Re multi-tab language setting: good

Re preserving language for external URLs or not: What you say is exactly the point. This is why we have both behaviours: either you set your language explicitly, or you only link the content (without a specific language).

There is no standard behaviour on other sites either. Reasonator also preserves the language setting for external URLs, and it keeps the chosen language in the URL if set explicitly. In contrast, Wikidata does not preserve the uselang parameter or setting if you continue browsing from a given site (or maybe it only does this when not logged in with an own language setting; not sure).

I think the issue that our URLs show different languages to each user is acceptable, esp. if we have a working language selector soon. Then users can just change into whatever they prefer at any time.

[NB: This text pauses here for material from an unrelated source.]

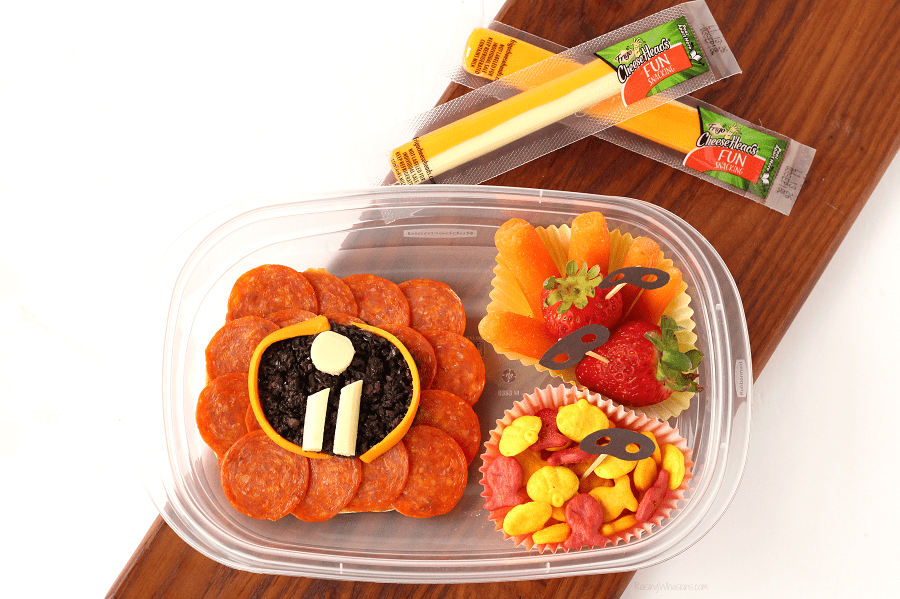 Easy incredibles 2 bento Easy Incredibles 2 Bento Box Idea + "Super" Cute Food Picks | Get ready for an incredible back-to-school w/ these fun Disney Pixar Incredibles 2 lunch ideas #Lunch #SchoolLunch #Recipe #BentoBox #IncrediblesTwo #Disney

The issue with the external links is more tricky. It seems to be a nice feature to send users to the "right" language directly if they have manually picked a language in SQID that is not their browser default. I don't think there is any good reason to give this up from a user perspective. However, #41 states that users do not want the default guess to be made permanent in this way.

Interestingly, it seems that the refactwo code does exactly this, even if it lost the lang parameter from the URL: if you have not set the language explicitly, it does not use a parameter for external links; if you have set it (even if it got lost again), it will use it in external links. The only concern I have there is that this introduces hidden state information that might be confusing to people. Again, a language selector might help to clarify the current setting (even if not in the URL).